I’ve been watching Woody Allen my whole life and feel like I have always been influenced by his work so I think regardless, anything I do is going to be influenced by Woody Allen.
And Girls - I identify with Lena Dunham a lot - her Tiny Furniture is about that awkwardness of graduating college - knowing what she was going to do with her life. And Twilight well, that’s a melodrama but there’s the romantic/relationship aspect as well.
You do come across as a kind of the Turkish Woody Allen.
That’s because there is a dearth of Turkish filmmakers in America. I don’t know of any. If I was trying to make movies that were similar to Won Kar Wai, I’d be the Turkish Won Kar Wai as there are no other Turkish filmmakers making those kind of films. I think on my best day I might be able to touch Woody Allen on his absolute worst day.
How about the snappy writing?
I write the script myself - I have to write the first draft really quickly in two weeks or so and effusively pour it out, then I spend months re-writing it.
What I didn’t want to do and what I’ve done with previous films - is rehearse and get actors to learn it verbatim. I wanted it to be very loose and feel very improvisational.
We never rehearsed and - just kind of read thorough it and hit the main talking points, on shorter scenes we memorized them, but mainly we wanted to abandon the dialog but keep the context and the funny jokes.

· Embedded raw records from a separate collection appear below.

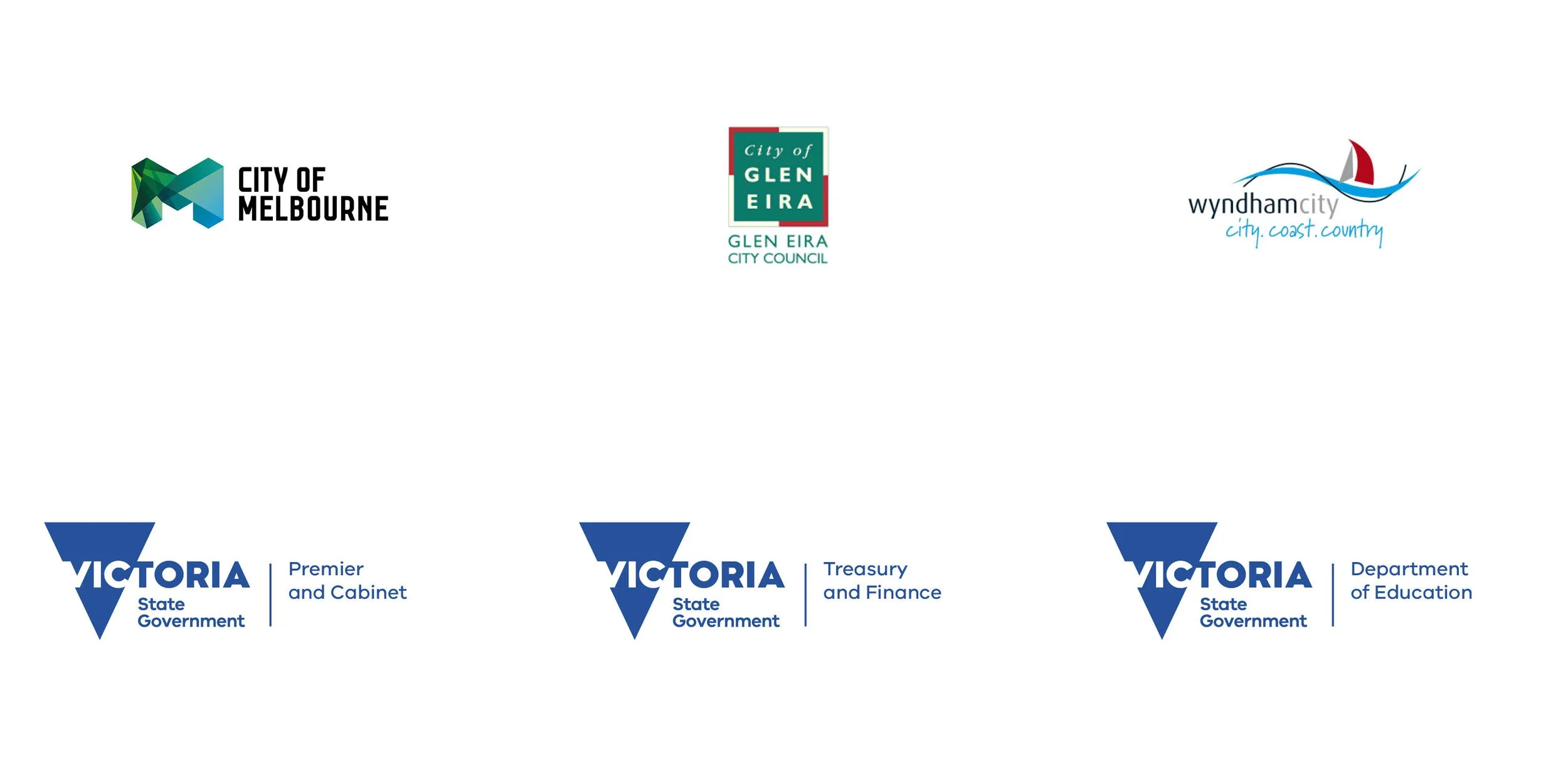 Website Client Logos.jpg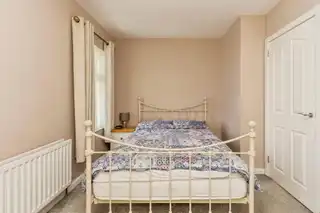 112 Ballynahinch RoadImage 12
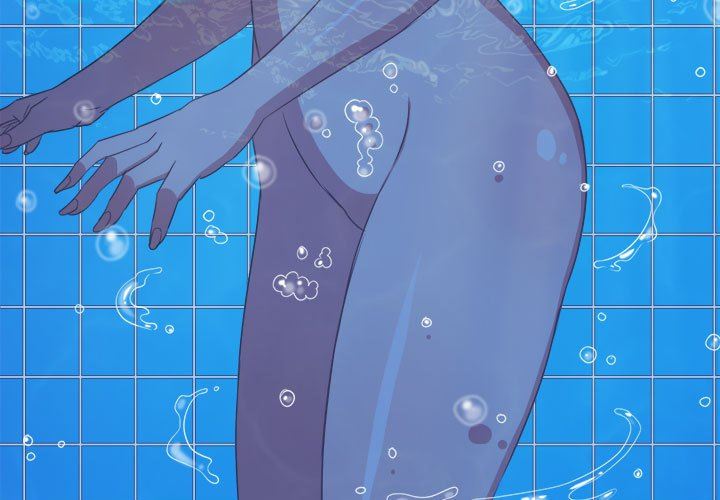 难缠小恶女，第149話，第 3 页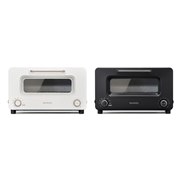はなたん様　BALMUDA The Toaster K11A ホワイト BALMUDA The Toaster ホワイト K11A-WH |キッチン用品通販サイト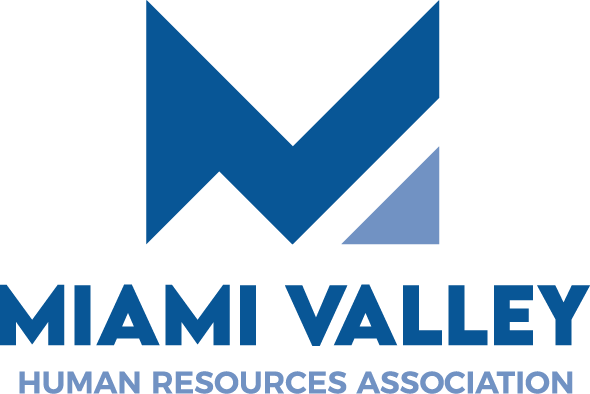 miami valley human resources association logo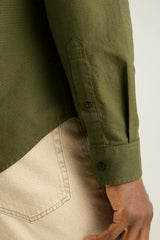 Everyday Oxford Shirt / Bonobos Online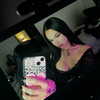 maggielindemann Altpins Profile Picture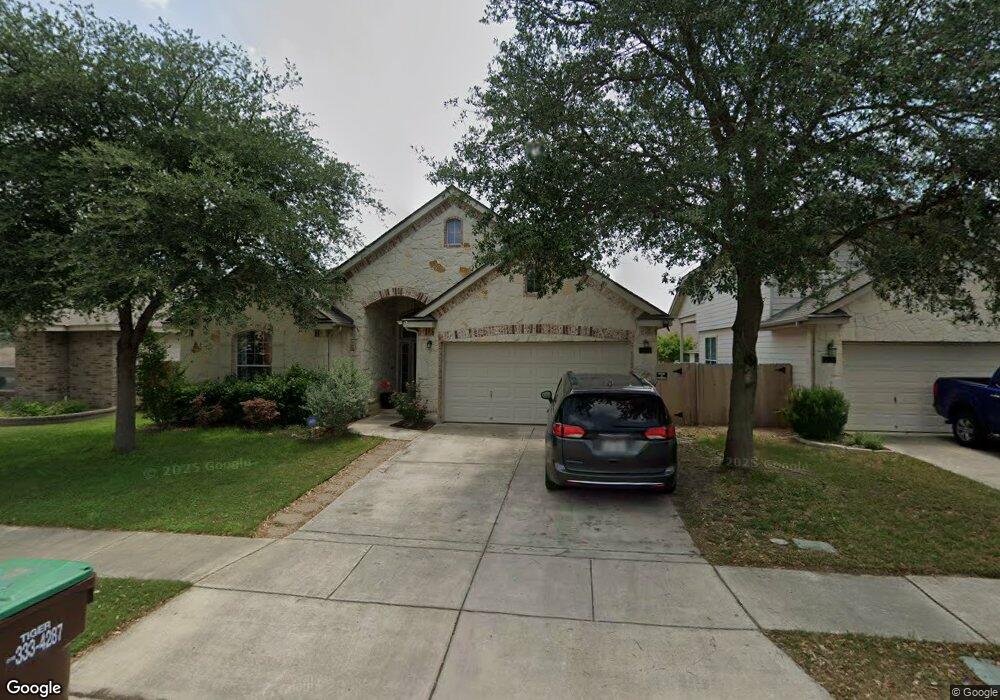 10222 Shetland Gate, San Antonio, TX 78254 - photo 1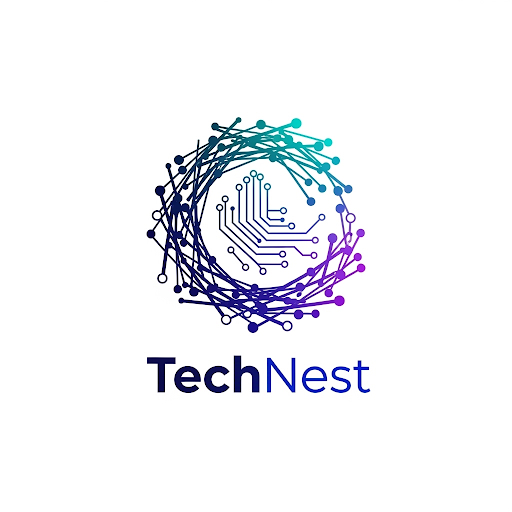 TechNest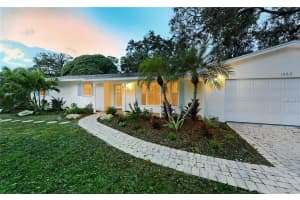 1568 Eastbrook Dr, SARASOTA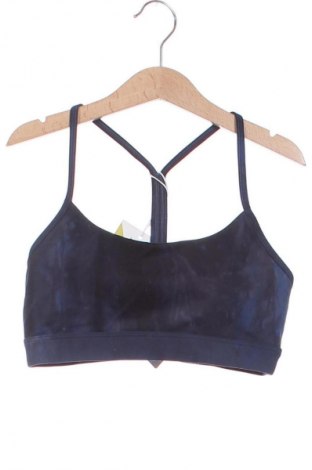 Damen Sporttop Halara, Größe XS, Farbe Mehrfarbig, Preis € 8,99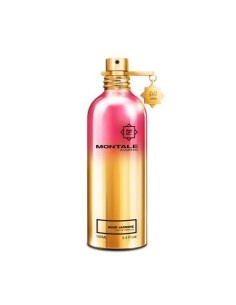 montale_aoud_jasmine_eau_de_parfum_100ml_3760260454445_oferta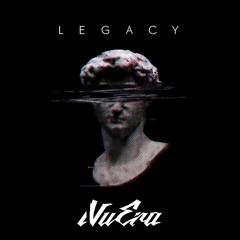 NuEra - Legacy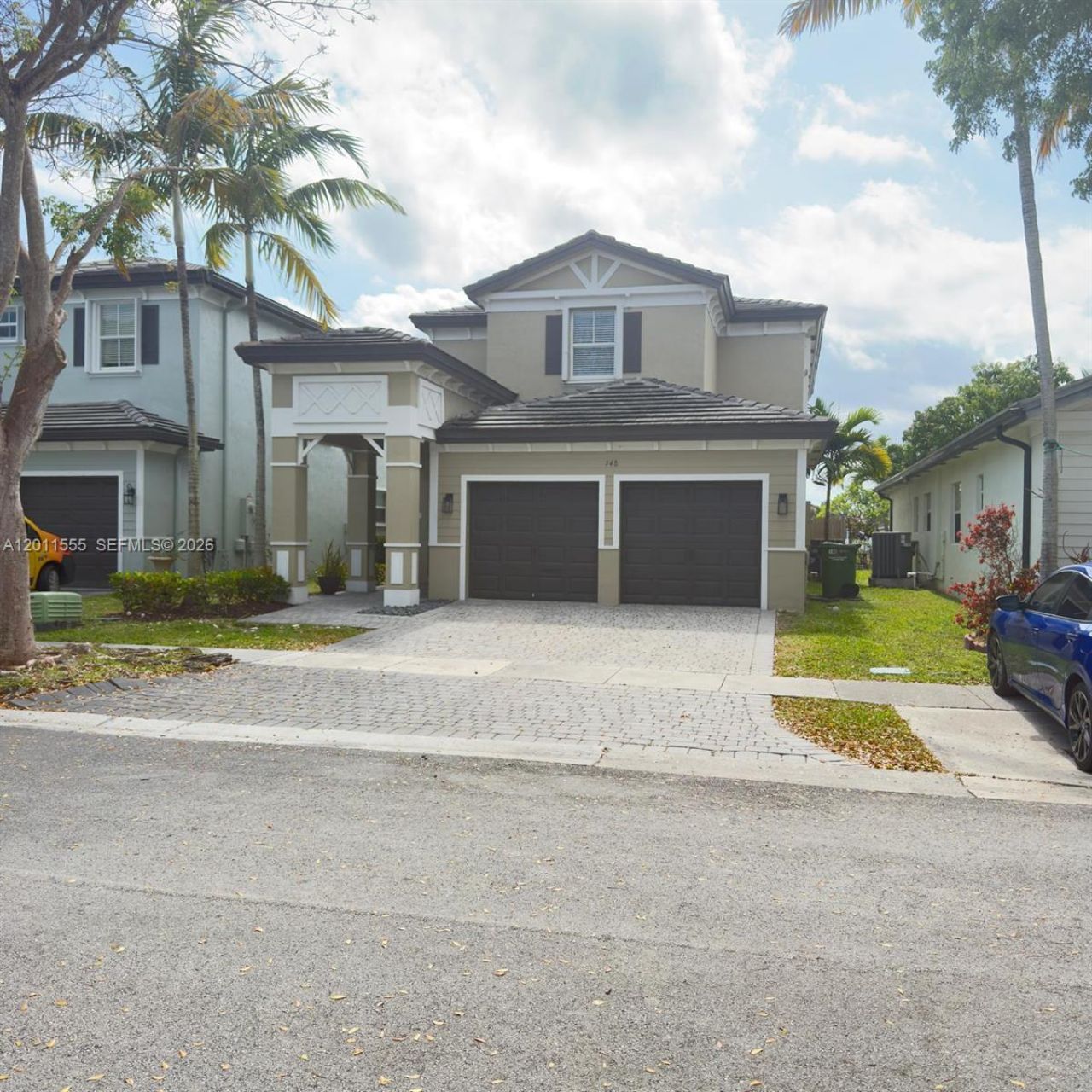 148 NE 36 Ave Rd , Homestead, FL 33033 Photo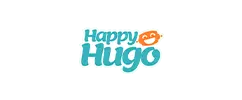 HappyHugo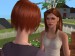 snapshot_9a250dd9_213d8f25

So, he’s a lazy guy in relationships and he brings all his dates to the same place. How much of this was about character or was it a budget issue?
It was a budget and then a character thing. He’s so unoriginal and listless with his choices. We shot very quickly with two cameras in nine days so we knew - we didn’t have the money or time or resources to shoot his seven different dates [in different locations].
So we found a place called Milk & Roses in Greenpoint [Brooklyn]. It worked out really well for the character who is an idiot and who would take every date to the same place.
Those vampire bites were portrayed in a very interesting way.
The way I always saw it was being penetrated, so there was something orgasmic about it. There is a bit of homoeroticism to them. And the whole joke of terrible sex before the bites…
How did you pick your actors?
We had a pretty good script, I wanted to find and get actors that were on the rise independently, on the radar but hadn’t had any major roles yet.
Anna Margaret Hollyman, Dakota Goldhor, Melanie Fisk, these are people I’ve met in the independent film community going to different festivals, in New York, that are all hungry and they want to make good films.
They are known in the low budget indie film world, there are a lot of cameos in the independent film world too, like Alex Carpazzi, who is a director himself from Girls, and Dustin Guy Defa, he’s the one who bites me, he’s really a terrific actor and mainly a director…. and Zach Clark who made a film called White Reindeer that stars Anna Margaret Hollyman.